(Dataset entries)

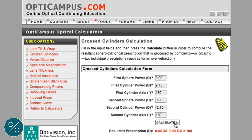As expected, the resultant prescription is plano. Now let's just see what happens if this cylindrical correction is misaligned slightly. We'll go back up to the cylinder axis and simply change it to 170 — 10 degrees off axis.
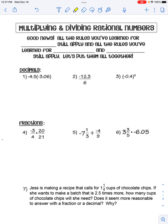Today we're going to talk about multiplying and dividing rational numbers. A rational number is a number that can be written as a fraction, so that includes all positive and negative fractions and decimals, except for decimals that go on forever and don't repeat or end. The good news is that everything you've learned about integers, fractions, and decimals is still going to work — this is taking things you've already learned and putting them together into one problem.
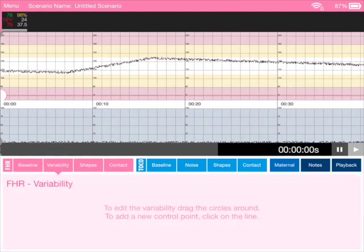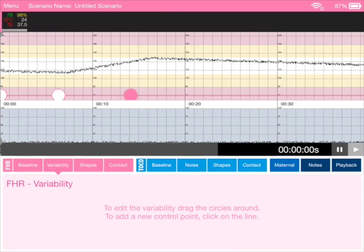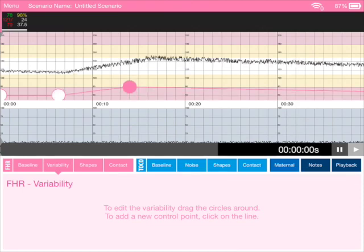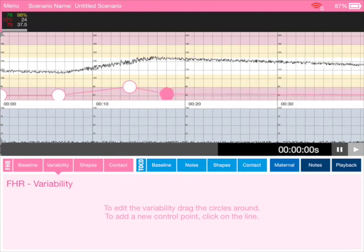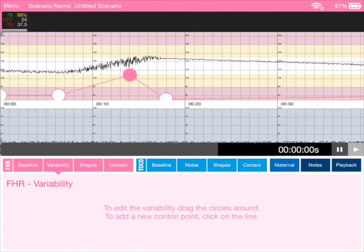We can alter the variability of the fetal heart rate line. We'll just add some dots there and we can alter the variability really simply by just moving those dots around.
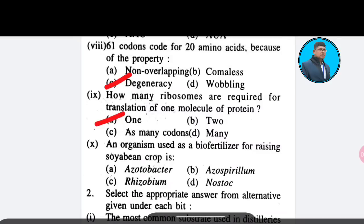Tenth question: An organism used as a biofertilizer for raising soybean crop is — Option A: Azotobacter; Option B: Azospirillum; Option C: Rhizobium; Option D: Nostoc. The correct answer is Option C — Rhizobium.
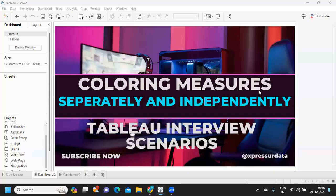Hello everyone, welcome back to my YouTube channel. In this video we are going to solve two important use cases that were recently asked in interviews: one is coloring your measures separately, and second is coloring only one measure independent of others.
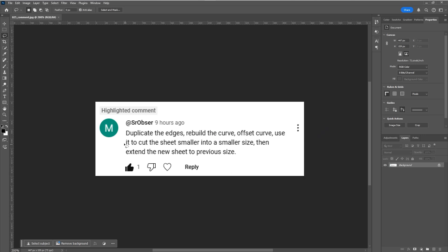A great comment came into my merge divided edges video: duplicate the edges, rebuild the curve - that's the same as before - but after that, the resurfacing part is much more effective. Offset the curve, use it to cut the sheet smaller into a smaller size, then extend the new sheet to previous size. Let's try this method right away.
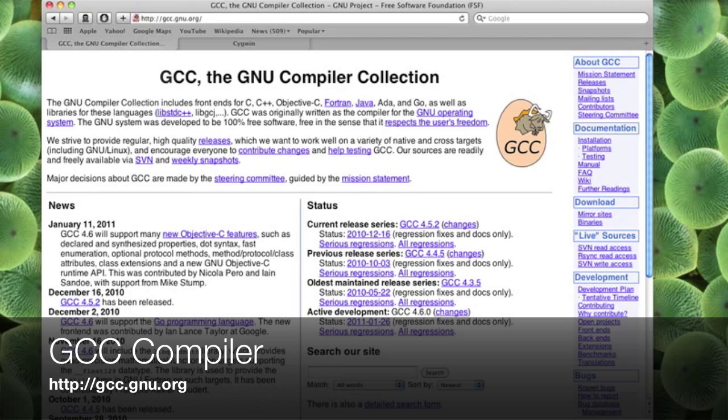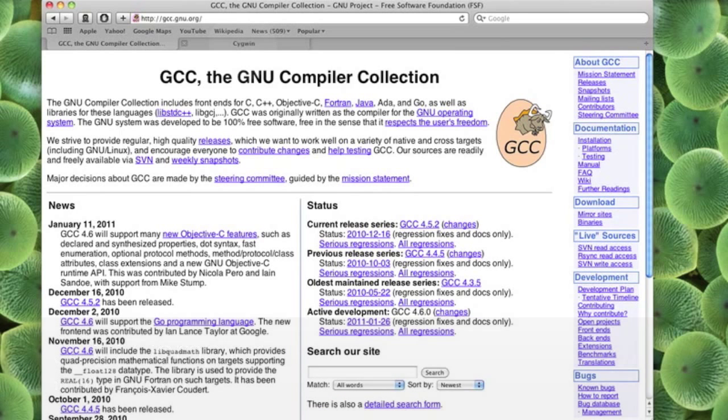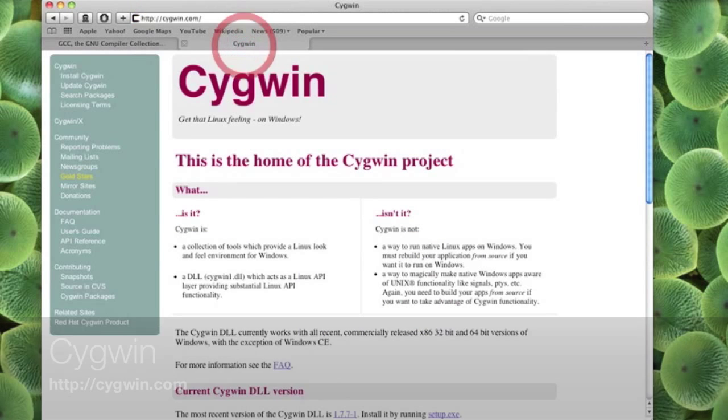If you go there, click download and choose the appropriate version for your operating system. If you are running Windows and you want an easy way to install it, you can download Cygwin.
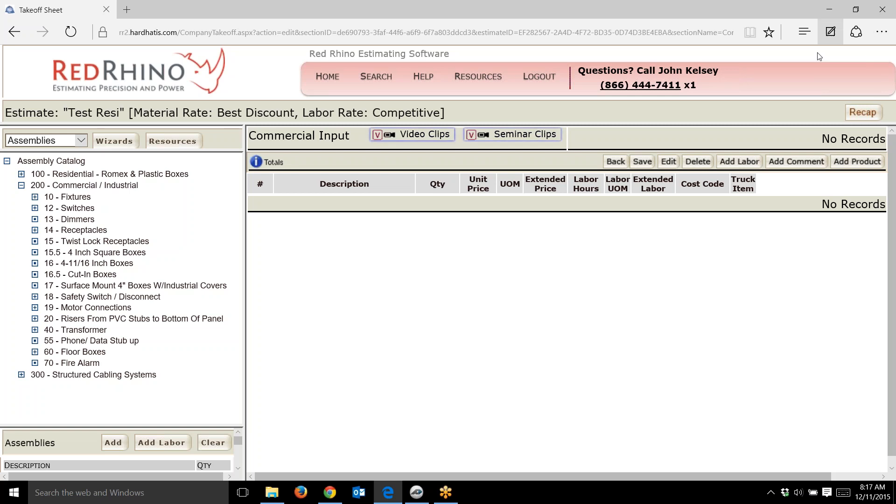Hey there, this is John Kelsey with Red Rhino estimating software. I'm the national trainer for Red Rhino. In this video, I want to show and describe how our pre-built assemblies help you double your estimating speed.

--

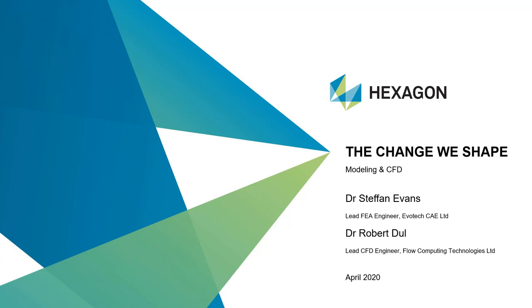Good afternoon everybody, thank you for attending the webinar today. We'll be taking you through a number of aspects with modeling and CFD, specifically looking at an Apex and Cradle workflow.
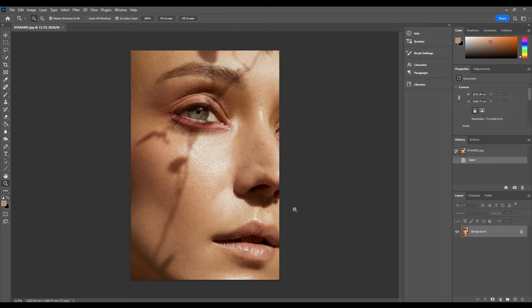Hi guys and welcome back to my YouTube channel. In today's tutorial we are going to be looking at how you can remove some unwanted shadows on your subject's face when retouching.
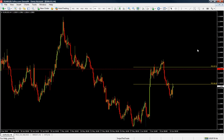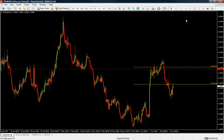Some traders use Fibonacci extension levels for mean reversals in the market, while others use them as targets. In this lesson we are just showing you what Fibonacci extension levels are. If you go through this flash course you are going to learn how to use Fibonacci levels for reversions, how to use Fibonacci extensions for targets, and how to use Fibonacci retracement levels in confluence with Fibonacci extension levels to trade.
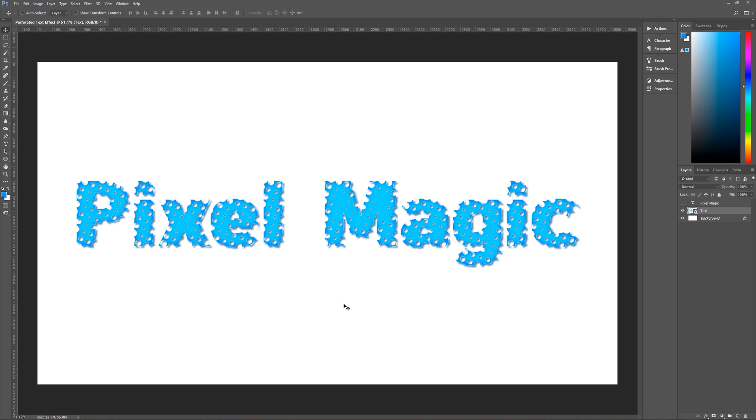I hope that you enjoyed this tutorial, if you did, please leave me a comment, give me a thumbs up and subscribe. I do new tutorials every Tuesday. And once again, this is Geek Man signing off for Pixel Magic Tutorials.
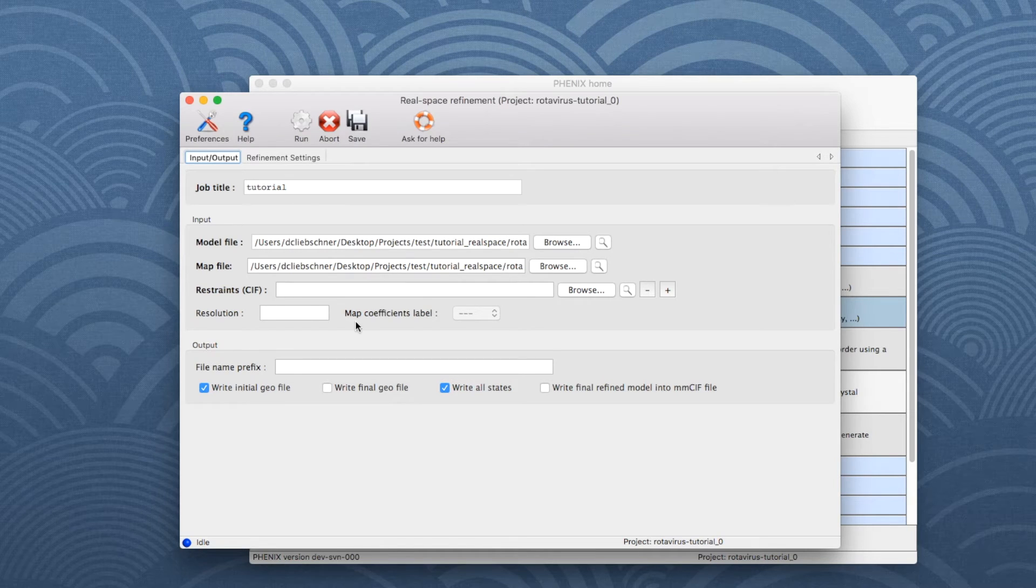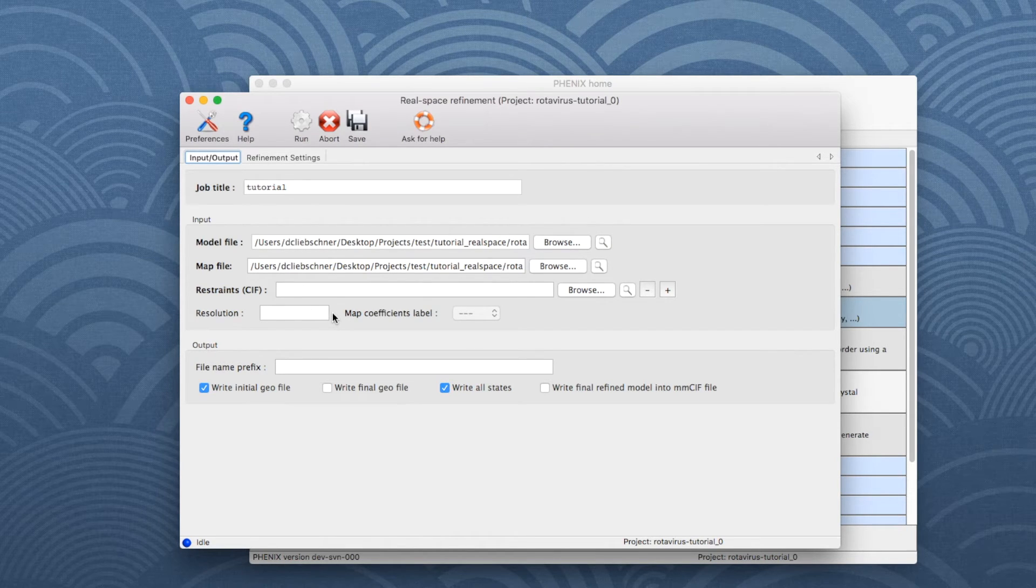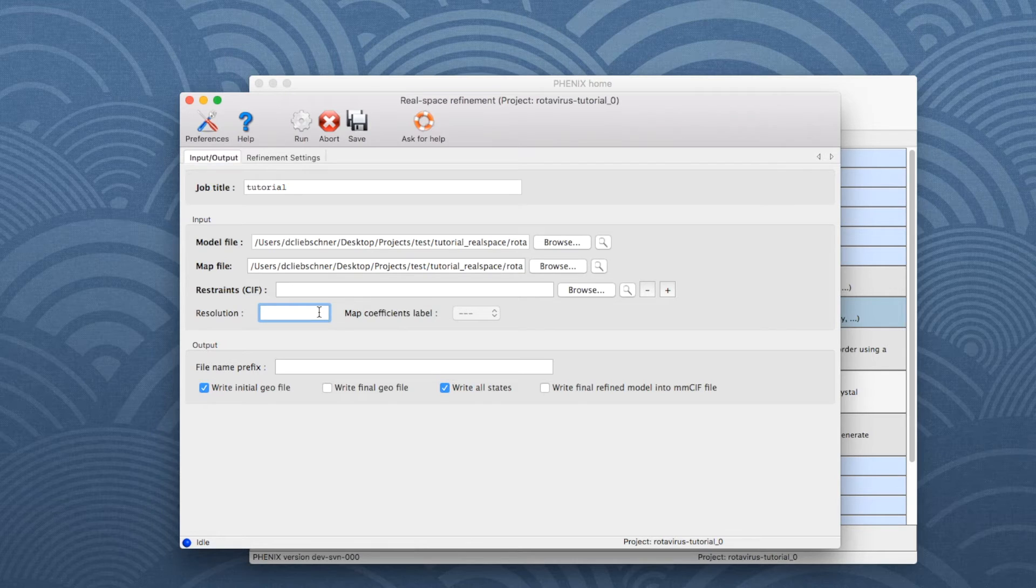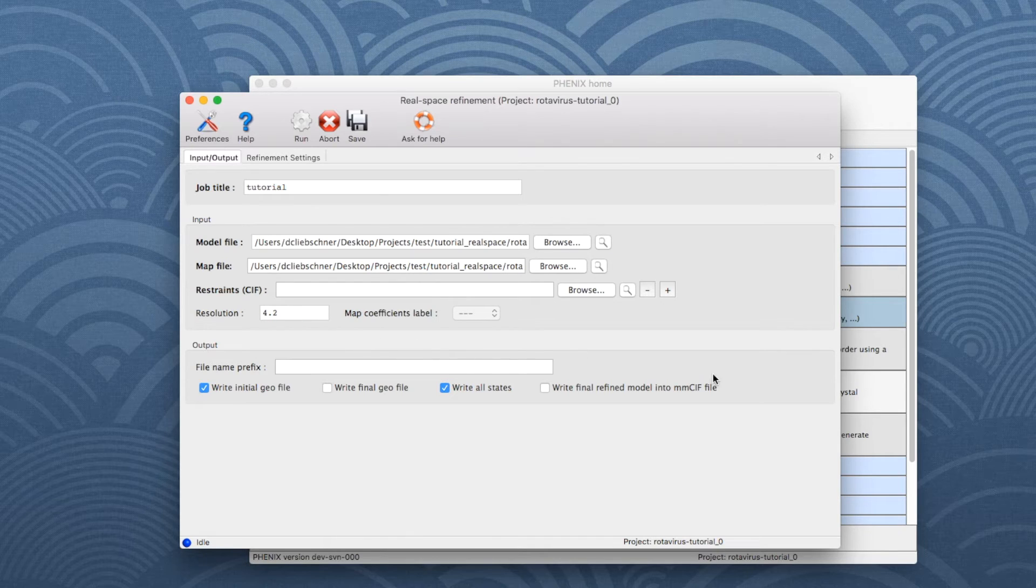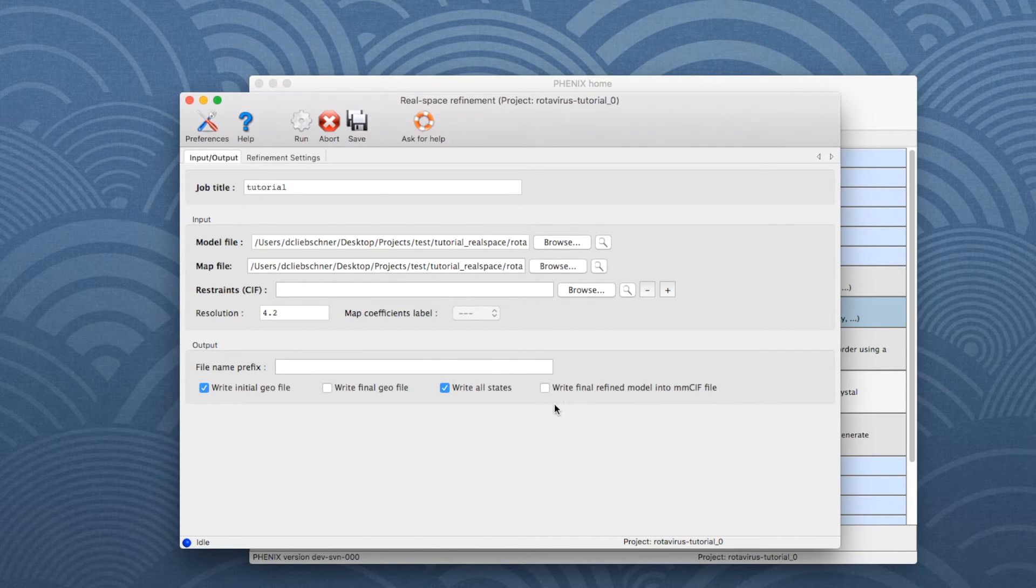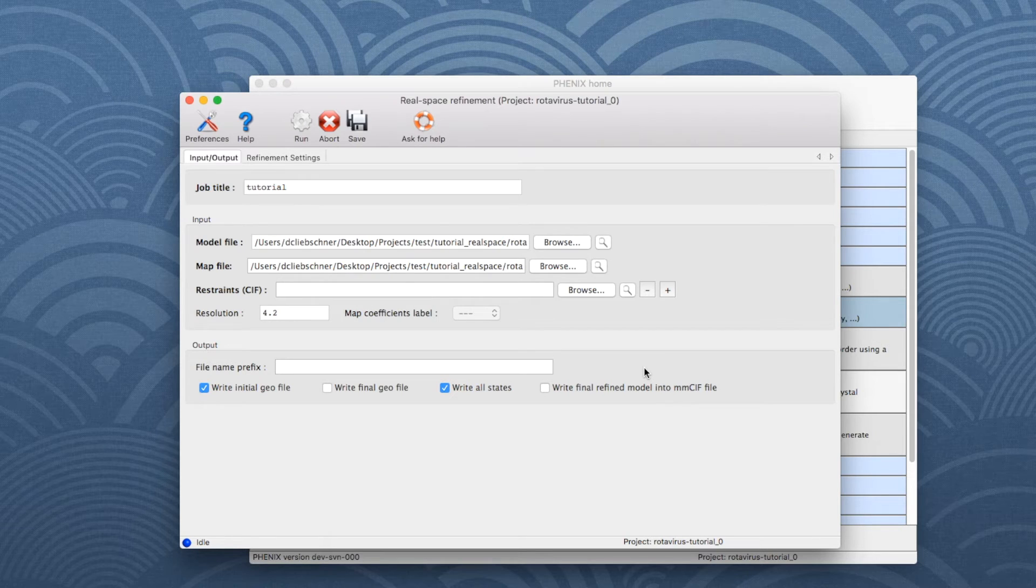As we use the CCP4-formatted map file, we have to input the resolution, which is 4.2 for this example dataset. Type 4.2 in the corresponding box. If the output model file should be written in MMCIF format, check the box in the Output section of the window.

• EXERCISE PROMPT: Here the job is to copy the stretch of records from the line containing "A great comment" through the line containing "Hey there, this", word for word. Leave every picture out.

• RESPONSE AREA:
A great comment came into my merge divided edges video: duplicate the edges, rebuild the curve - that's the same as before - but after that, the resurfacing part is much more effective. Offset the curve, use it to cut the sheet smaller into a smaller size, then extend the new sheet to previous size. Let's try this method right away.
If you go there, click download and choose the appropriate version for your operating system. If you are running Windows and you want an easy way to install it, you can download Cygwin.
Hey there, this is John Kelsey with Red Rhino estimating software. I'm the national trainer for Red Rhino. In this video, I want to show and describe how our pre-built assemblies help you double your estimating speed.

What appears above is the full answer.